前回の投稿はこちら【福祉のカタチ】とある高校生が見据える未来① | Web版「ごーごー★ちいき」
【福祉のカタチ】とある高校生が見据える未来② | Web版「ごーごー★ちいき」
【福祉のカタチ】とある高校生が見据える未来③ | Web版「ごーごー★ちいき」
育てたニワトリを乙房こども園の「食育」のレクリエーションに提供した北郷さん。
提供にあたり、葛藤はなかったのか尋ねると「メスが他のニワトリをいじめたり、オスが朝から鳴いたりして近所迷惑になりそうだったので、今回の2羽に関しては、あまり葛藤しませんでした」と飼育するにあたっての苦労を交えて語りました。
「もしニワトリの集団の中で、問題行動がなければ提供するにあたって葛藤していたと思います」
“育てる” ことと “食べる” こと
7月に実施された食育について、北郷さんに質問しました。

もし食育のレクリエーションに参加された場合、育てたニワトリを食べることは出来ますか?

出来ると思います。育てている時も、食べる時も感謝の気持ちを込めて向き合いたいと考えています。

地域の活動に繋がった今、感じることはありますか?

興味や関心のあることに対して、考えるのも大切ですが、実際に動いてみるのが変化をもたらすきっかけになります。何かに行き詰った時は一度、行動することが大切だと感じました。
大切なのは「行動すること」
乙房こども園での出来事をお伝えすると、北郷さんは「全員にアニマルウェルフェアを理解してほしいとまでは考えていません」と述べました。
「100人に対して自分の思いを伝えたら、納得や共感をしてくれるのは3人程度と言われています。残りの97人は無関心か否定的な考え方を持っているそうです。でも『知らないから否定する』のではなく、事実を知った上で『自分はこう思う』と意見を皆さんに持っていてほしいです。そして、自分と違う考えの人と情報を共有して話し合う。そういうやり取りが、より良いものを生み出すと考えています」
自分とは違う意見を否定するのではなく「そういう考え方もある」と受け入れて、対話を楽しむ。
この姿勢が北郷さんの心境に変化をもたらしました。
人と人の “仲介者”
北郷さんの活動は個人で完結しているわけではありません。
知的好奇心に従って人と接点を持ち、そこからまた次の縁へと繋がっています。
普段から多くの方と関わっている北郷さんに、アニマルウェルフェアを通じて起こった自身の心境の変化についてお聞きすると「動物も人も分け隔てなく接したいと思うようになった」と語りました。

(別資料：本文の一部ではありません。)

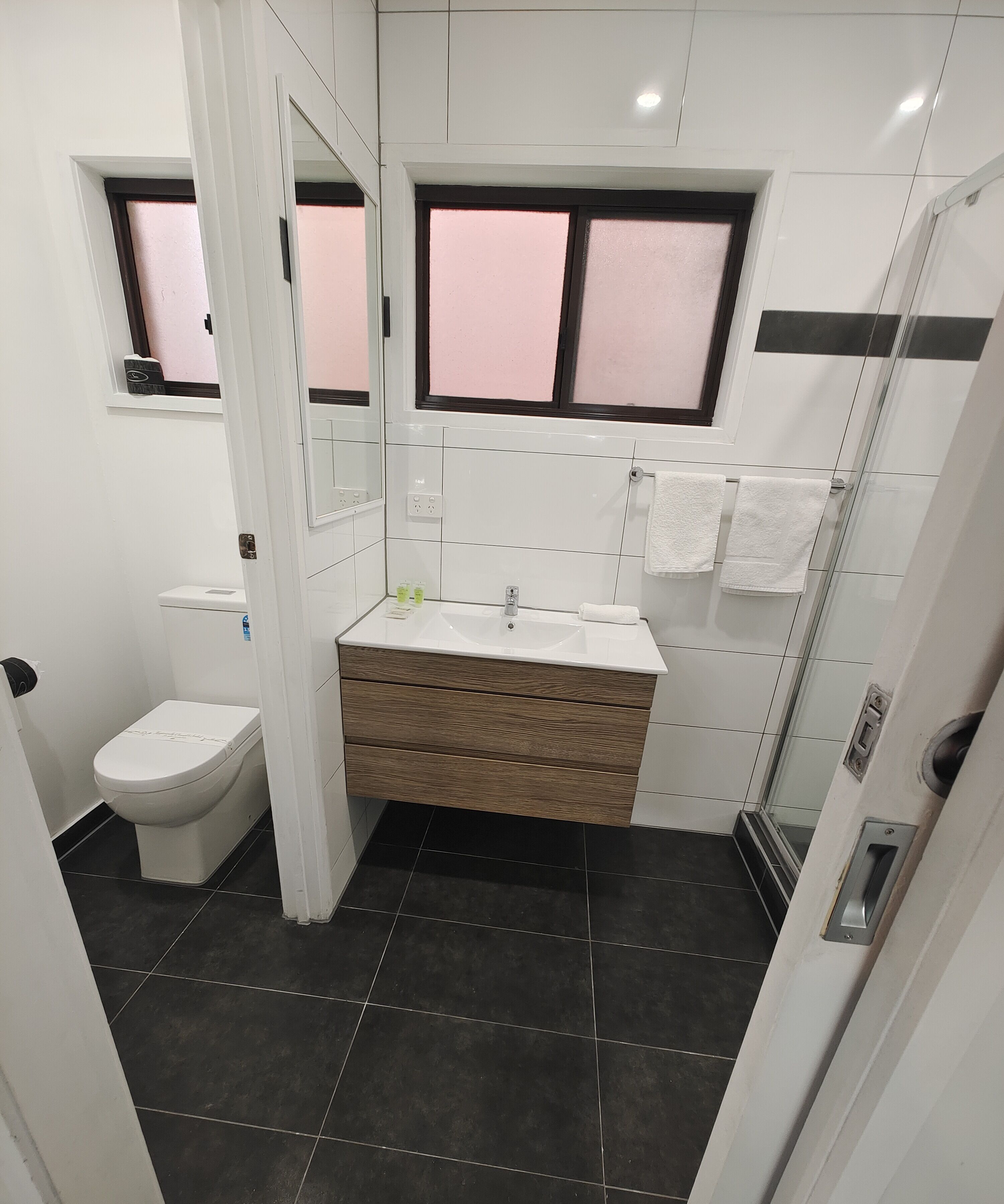 A modern bathroom with a toilet, sink, and shower.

「まだアニマルウェルフェアという考え方はあまり浸透していません。ただ理解してほしいと強要するつもりはありません。アニマルウェルフェアという理念に対して、人と人とがお互いの考え方を尊重できるように『仲介者』としての役回りを担っていきたいです。」
命の重さと感謝する心を知った上で、自分とは異なる意見を想像して尊重する姿勢。
北郷さんがニワトリを通じて得た「違いを認め合う姿勢」は地域福祉においても大切な姿勢と言えます。